Textes d'opinion

Véhicules électriques: on risque de manquer de jus

Quand on y pense, 2035 est à la porte.

Tant à Québec qu’à Ottawa, il s’agit de la date limite choisie par les politiciens pour interdire la vente de véhicules à essence.

Quoi qu’en pensent les élus cependant, il ne semble pas que la population, les infrastructures de recharge et les réseaux électriques canadiens seront prêts. Devant ces obstacles, il serait plus sage que les politiciens prennent un pas de recul.

Coût

Du point de vue des consommateurs, on observe que le coût est l’un des principaux freins à l’achat de véhicules électriques.

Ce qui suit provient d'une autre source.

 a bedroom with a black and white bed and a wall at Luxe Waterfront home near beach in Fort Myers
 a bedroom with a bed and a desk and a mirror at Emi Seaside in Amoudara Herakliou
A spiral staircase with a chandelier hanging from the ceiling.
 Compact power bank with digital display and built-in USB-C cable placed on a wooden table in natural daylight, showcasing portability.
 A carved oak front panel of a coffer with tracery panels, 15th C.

Un récent sondage Ipsos mené pour le compte de l’IEDM montre que le prix d’acquisition plus élevé des véhicules électriques en freine l’adoption pour 7 Canadiens sur 10.

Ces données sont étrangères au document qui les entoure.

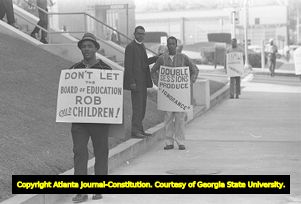 African American minister and picketers outside of the Atlanta Public Schools building, Atlanta, Georgia, September 19, 1967.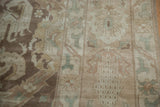 Evenly worn pile of a vintage Sivas carpet showing paneled dragon and deer motifs.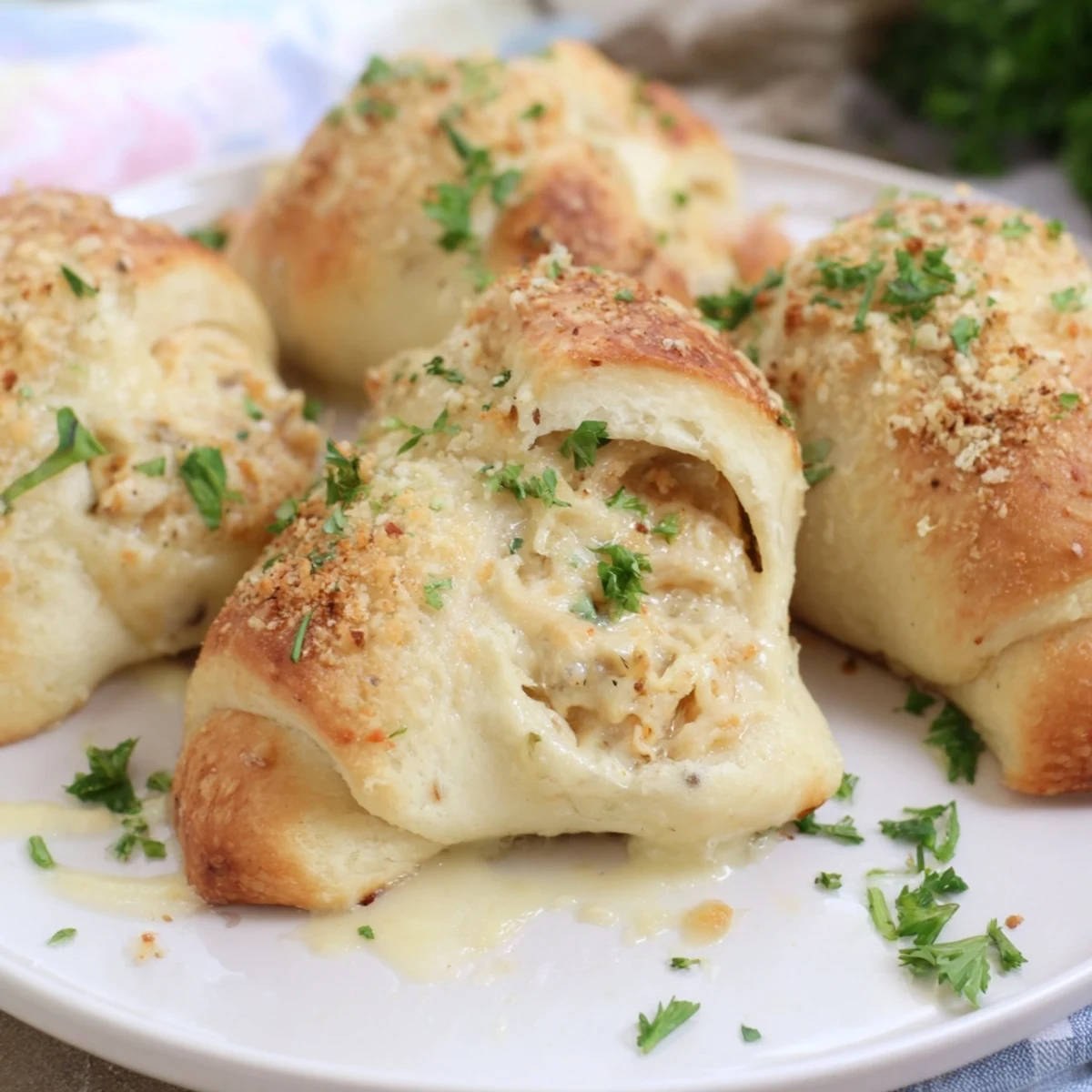 Tender shredded chicken stuffed in golden pastry pillows topped with velvety parmesan cream sauce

Cette différence de prix n’est pas minime. Selon les estimations du directeur parlementaire du budget, les voitures électriques coûteront encore 6720$ plus cher que la moyenne en 2026.

Pour les VUS et minifourgonnettes – très populaires chez les consommateurs canadiens –, l’écart serait plutôt de 11 490$.

Bien que ces primes à l’électrique s’atténueront avec le temps, il est estimé qu’elles demeureront bien après 2030.

Infrastructures de recharge

Outre la question du prix d’acquisition, il y a celle des infrastructures de recharge et de leur disponibilité. Il s’agit – avec raison – d’une source d’inquiétude pour deux Canadiens sur trois.

Pour répondre à la demande en énergie que causerait l’imposition des véhicules électriques, le gouvernement fédéral estime que nous aurions besoin d’environ 680 000 bornes de recharge publiques disponibles sur le réseau routier d’ici à 2040.

Autrement dit, nous devrions en installer autour de 40 000 par an, en moyenne, au cours des 15 prochaines années.

L’an dernier, à la grandeur du pays, nous en avons installé moins de 7000. Aussi bien dire que nous ne sommes pas près d’avoir l’infrastructure de recharge nécessaire pour soutenir les conducteurs contraints de faire le virage vers les véhicules électriques.

Outre la question des infrastructures de recharge, en revanche, il y a celle des infrastructures électriques. Après tout, si le gouvernement cherche à ce que les Canadiens troquent l’essence pour l’électricité, il faut s’assurer que cette dernière est au rendez-vous.

Si les estimations varient, tous s’accordent pour dire que le Canada n’a pas les infrastructures nécessaires pour y faire face. À l’échelle du pays, cela provoquerait une hausse de 7,5% à 15,3% de la demande électrique, qui s’additionnerait à la demande grandissante attribuable au développement de notre économie.

Il est estimé que le rehaussement de notre capacité de production électrique et des réseaux de transport et de distribution, rendu nécessaire par l’imposition des véhicules électriques, pourrait coûter jusqu’à 294 G$.

On comprendra que, si les compagnies électriques doivent faire ces investissements, cela risque de se refléter sur le coût de l’électricité qu’elles vendent à leurs clients.

On a pu l’observer au Québec, notamment, où la société d’État responsable de la vente d’électricité affirme depuis longtemps que tout nouvel approvisionnement risque d’avoir un impact à la hausse sur ses prix.

Pour toutes ces raisons, on comprend bien pourquoi deux Canadiens sur trois considèrent que l’échéance de 2035 pour bannir la vente de véhicules à essence est irréaliste.

Dans leur empressement à imposer les véhicules électriques, il semble que les politiciens fédéraux ont omis de s’assurer que le Canada serait prêt à les accueillir.

Gabriel Giguère est analyste senior en politiques publiques à l’IEDM et l’auteur de « Abolissons l’interdiction fédérale de vente de véhicules à essence ». Il signe ce texte à titre personnel.